YOUR ASSIGNMENT.
Copy every line from the records that holds the word "with".

════════

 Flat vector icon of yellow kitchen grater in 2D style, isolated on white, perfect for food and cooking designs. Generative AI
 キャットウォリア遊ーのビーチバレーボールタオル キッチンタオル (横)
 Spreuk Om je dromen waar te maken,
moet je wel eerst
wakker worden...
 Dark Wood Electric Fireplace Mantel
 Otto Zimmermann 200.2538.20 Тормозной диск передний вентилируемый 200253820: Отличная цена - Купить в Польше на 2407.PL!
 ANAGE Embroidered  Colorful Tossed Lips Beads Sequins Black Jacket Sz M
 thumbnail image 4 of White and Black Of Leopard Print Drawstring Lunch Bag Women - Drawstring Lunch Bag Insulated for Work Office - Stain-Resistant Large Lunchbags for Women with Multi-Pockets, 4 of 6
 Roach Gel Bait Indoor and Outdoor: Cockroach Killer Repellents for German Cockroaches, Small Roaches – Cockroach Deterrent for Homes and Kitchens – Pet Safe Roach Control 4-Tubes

════════

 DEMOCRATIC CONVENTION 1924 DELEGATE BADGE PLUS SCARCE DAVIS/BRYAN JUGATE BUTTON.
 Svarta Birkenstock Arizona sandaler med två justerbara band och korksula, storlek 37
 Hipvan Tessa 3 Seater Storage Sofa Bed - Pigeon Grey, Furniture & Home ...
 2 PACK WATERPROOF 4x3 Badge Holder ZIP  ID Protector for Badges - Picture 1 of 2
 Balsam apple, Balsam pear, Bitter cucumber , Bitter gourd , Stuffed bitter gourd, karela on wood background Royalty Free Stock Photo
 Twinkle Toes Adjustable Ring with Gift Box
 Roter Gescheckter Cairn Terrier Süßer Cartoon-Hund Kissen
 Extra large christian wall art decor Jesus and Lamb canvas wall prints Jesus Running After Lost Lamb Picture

════════

SOLUTION TO THIS PROBLEM.
 thumbnail image 4 of White and Black Of Leopard Print Drawstring Lunch Bag Women - Drawstring Lunch Bag Insulated for Work Office - Stain-Resistant Large Lunchbags for Women with Multi-Pockets, 4 of 6
 Twinkle Toes Adjustable Ring with Gift Box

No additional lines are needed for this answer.